When government policy drives environmental protection efforts, the undesirable effects of good intentions can escalate very quickly. August, science It reported that the 2020 emissions regulations imposed by the United Nations' International Maritime Organization have the desirable effect of reducing the amount of sulfur that ships emit into the atmosphere, while also having the undesirable effect of reducing the amount of sulfur-based clouds. ‘Ship paths’ are formed along shipping routes and reflect the sun away from the Earth.
“By dramatically reducing the number of tracks, the Earth warms faster,” he explained. science Reporter Paul Busen. “This trend is magnified in the Atlantic Ocean, where maritime traffic is particularly dense. Increased light in shipping corridors represents a 50% increase in the warming effect of human carbon emissions.”
In China, electric vehicle (EV) development exploded in the late 2010s, driven by ambitious government subsidies for green energy projects. This can now be easily seen in automobile graveyards across China, where outdated EVs are abandoned. “Not only are these sites an eyesore,” Bloomberg News reported in 2023, “removing EVs too quickly reduces their climate benefits, given that they are carbon-emission intensive and may only gain benefits over combustion vehicles after a few years.” reported. .”
In some cases, personal conservation policies and government environmental policies clash in surprisingly horrific ways. In a September essay titled “We Thought We Were Saving the Planet, But We Were Setting a Time Bomb.” new York Times, Canadian novelist and essayist Claire Cameron shared her personal thoughts on the time she spent planting trees in a logging field in Ontario. She did, but she found out years later that her efforts had helped spark her wildfire.

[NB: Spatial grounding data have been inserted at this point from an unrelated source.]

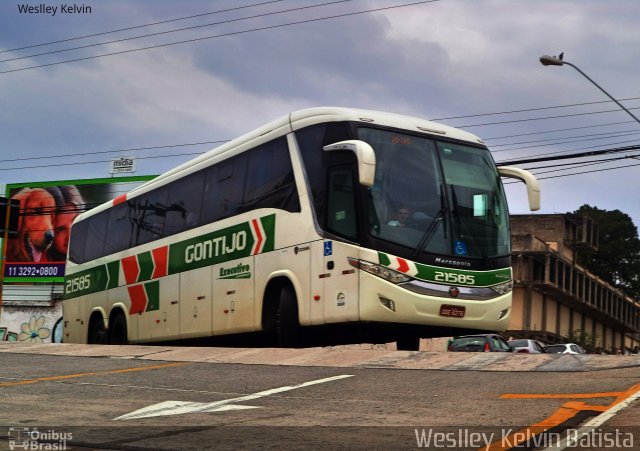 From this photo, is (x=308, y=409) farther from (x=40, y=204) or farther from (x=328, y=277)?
(x=40, y=204)

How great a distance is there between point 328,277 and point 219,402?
552 cm

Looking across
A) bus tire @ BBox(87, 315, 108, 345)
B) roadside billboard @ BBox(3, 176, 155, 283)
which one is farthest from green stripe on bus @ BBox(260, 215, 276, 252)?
roadside billboard @ BBox(3, 176, 155, 283)

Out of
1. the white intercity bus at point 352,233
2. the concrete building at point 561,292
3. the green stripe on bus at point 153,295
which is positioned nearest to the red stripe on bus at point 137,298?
the green stripe on bus at point 153,295

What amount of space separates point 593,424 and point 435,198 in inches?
301

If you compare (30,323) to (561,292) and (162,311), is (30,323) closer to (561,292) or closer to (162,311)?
(561,292)

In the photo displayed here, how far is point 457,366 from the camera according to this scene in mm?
11914

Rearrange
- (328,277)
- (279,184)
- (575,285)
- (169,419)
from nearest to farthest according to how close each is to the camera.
→ (169,419)
(328,277)
(279,184)
(575,285)

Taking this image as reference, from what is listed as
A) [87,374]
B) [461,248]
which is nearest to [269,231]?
[461,248]

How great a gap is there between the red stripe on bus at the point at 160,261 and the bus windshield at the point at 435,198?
668 centimetres

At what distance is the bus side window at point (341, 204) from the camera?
46.9 feet

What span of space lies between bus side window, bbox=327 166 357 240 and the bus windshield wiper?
95cm

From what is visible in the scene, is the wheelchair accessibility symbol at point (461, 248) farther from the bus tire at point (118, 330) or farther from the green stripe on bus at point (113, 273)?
the green stripe on bus at point (113, 273)

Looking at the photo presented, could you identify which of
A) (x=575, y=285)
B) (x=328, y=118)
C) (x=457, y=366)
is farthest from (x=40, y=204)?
(x=457, y=366)

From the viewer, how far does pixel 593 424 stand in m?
Result: 7.20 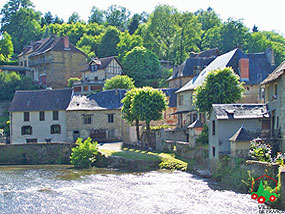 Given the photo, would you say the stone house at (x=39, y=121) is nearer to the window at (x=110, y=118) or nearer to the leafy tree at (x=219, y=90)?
the window at (x=110, y=118)

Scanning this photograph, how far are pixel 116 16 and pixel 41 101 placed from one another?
76452mm

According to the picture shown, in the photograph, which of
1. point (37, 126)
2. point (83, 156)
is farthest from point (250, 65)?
point (37, 126)

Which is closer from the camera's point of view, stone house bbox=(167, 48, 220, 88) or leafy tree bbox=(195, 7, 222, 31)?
stone house bbox=(167, 48, 220, 88)

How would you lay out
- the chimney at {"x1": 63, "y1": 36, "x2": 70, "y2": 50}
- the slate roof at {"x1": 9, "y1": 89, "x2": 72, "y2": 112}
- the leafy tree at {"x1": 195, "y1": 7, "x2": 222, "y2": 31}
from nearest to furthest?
the slate roof at {"x1": 9, "y1": 89, "x2": 72, "y2": 112}
the chimney at {"x1": 63, "y1": 36, "x2": 70, "y2": 50}
the leafy tree at {"x1": 195, "y1": 7, "x2": 222, "y2": 31}

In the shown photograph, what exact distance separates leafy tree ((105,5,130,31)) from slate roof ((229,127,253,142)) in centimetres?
9739

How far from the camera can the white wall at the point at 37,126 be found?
5180 centimetres

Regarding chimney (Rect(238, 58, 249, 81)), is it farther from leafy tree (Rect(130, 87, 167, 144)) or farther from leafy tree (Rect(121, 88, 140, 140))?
leafy tree (Rect(121, 88, 140, 140))

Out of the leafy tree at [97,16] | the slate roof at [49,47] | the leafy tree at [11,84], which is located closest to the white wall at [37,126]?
the leafy tree at [11,84]

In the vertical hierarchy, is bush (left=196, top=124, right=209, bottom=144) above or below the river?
above

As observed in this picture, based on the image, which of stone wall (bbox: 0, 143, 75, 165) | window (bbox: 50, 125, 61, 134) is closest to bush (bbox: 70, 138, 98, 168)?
stone wall (bbox: 0, 143, 75, 165)

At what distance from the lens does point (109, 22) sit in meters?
124

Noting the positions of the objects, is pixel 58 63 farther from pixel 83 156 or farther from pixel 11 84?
pixel 83 156

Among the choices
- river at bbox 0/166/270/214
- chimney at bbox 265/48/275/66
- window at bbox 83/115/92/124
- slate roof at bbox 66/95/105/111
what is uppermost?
chimney at bbox 265/48/275/66

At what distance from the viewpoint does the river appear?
72.7 feet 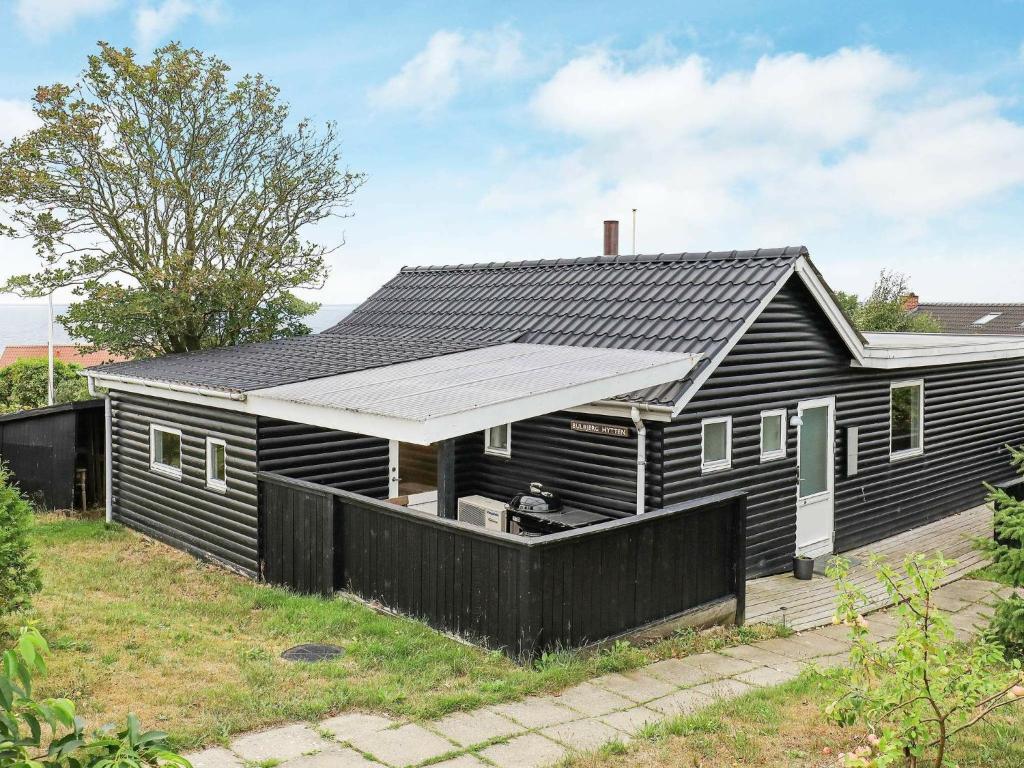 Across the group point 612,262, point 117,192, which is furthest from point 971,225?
point 117,192

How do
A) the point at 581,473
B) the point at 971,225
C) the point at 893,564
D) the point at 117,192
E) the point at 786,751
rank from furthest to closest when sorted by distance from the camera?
the point at 971,225
the point at 117,192
the point at 893,564
the point at 581,473
the point at 786,751

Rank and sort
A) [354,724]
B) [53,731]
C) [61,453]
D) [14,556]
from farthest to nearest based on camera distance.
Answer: [61,453], [14,556], [354,724], [53,731]

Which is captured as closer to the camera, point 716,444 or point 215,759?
point 215,759

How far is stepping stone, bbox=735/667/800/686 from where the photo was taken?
25.0 ft

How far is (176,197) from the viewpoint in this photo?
20750 mm

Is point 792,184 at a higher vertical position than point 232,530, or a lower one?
higher

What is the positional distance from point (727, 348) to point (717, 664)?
3906 millimetres

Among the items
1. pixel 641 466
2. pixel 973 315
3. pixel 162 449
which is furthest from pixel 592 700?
pixel 973 315

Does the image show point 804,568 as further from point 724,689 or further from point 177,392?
point 177,392

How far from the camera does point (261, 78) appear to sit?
69.5ft

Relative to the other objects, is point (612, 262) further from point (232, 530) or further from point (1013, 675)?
point (1013, 675)

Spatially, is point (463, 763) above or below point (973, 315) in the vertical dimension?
below

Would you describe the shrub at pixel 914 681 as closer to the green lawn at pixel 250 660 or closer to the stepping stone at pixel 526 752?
the stepping stone at pixel 526 752

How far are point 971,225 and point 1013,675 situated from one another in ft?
88.8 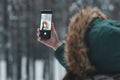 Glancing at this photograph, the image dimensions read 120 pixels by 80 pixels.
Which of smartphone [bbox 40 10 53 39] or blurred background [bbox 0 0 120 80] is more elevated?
smartphone [bbox 40 10 53 39]

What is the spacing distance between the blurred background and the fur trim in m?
3.67

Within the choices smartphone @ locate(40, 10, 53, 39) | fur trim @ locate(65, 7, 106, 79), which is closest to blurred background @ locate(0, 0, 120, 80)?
smartphone @ locate(40, 10, 53, 39)

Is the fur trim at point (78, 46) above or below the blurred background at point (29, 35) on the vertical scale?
above

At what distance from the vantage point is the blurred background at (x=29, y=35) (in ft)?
21.1

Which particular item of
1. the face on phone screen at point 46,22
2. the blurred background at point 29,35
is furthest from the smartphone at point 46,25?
the blurred background at point 29,35

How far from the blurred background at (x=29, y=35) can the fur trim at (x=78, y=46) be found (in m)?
3.67

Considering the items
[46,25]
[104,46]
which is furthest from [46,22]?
[104,46]

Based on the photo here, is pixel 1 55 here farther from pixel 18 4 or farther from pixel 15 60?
pixel 18 4

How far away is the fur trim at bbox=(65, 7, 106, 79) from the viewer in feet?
8.67

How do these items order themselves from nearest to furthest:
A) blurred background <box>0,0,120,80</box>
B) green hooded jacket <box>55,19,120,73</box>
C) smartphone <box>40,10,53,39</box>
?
green hooded jacket <box>55,19,120,73</box> → smartphone <box>40,10,53,39</box> → blurred background <box>0,0,120,80</box>

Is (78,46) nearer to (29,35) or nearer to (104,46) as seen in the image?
(104,46)

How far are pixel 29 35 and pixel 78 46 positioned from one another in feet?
12.5

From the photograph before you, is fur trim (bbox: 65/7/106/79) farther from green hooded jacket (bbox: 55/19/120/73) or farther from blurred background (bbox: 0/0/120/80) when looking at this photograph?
blurred background (bbox: 0/0/120/80)

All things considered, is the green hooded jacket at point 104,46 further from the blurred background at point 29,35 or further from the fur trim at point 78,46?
the blurred background at point 29,35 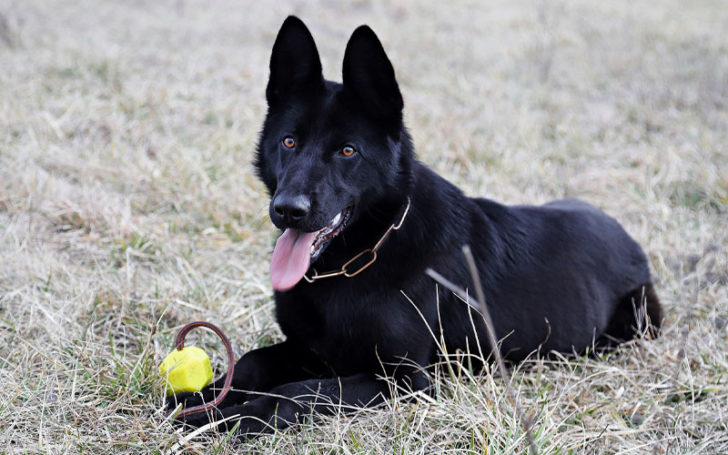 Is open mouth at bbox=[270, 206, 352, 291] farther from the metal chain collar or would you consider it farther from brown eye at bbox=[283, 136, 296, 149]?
brown eye at bbox=[283, 136, 296, 149]

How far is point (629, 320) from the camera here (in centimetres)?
287

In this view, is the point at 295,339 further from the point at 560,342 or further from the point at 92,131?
the point at 92,131

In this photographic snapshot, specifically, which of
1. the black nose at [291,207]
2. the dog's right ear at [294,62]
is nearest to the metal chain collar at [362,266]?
the black nose at [291,207]

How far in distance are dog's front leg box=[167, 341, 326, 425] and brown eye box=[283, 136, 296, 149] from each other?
29.9 inches

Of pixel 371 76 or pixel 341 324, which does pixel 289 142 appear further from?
pixel 341 324

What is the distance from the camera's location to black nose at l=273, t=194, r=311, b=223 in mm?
2045

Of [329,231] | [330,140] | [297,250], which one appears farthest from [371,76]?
[297,250]

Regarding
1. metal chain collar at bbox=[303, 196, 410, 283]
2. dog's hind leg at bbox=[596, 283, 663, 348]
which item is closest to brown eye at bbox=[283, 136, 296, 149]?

“This was a very difficult rite of passage for Canadian university students, as it allowed them to earn good money while spending months outdoors with other like-minded young people. I was driven in part by the idealistic views of trees. Planting a tree will always be better than not planting a tree.”
The trees they planted were all of the same species, water-thirsty and flammable, and neatly spaced six feet apart. “We later learned that the trees we had planted, black spruce trees, were so flammable that firefighters called them gas on a stick. Trees have evolved to burn. They have flammable sap, which is made up of resin. “The filled cone will open when heated. Drop the seeds into the charred ground.” To further complicate matters, the tree-planting program was managed by private timber companies but driven by government incentives.
For some people, these unintended consequences may trigger schadenfreude. For others, it's despair. But there is a positive side to this fact. That is, we learn something new every day, every month, and every year about what kinds of environmental management produce good outcomes and what those outcomes cost. Government agencies are not Bayesian actors, but individuals and private companies can be Bayesian actors. At the human scale, we can respond and adapt to new knowledge, avoid or forgo benign disasters, and make choices that positively impact local ecosystems.
In some cases, the best thing you can do for the environment is to leave it alone. Bats have been found to naturally nest in dead tree trunks. My estate is full of them.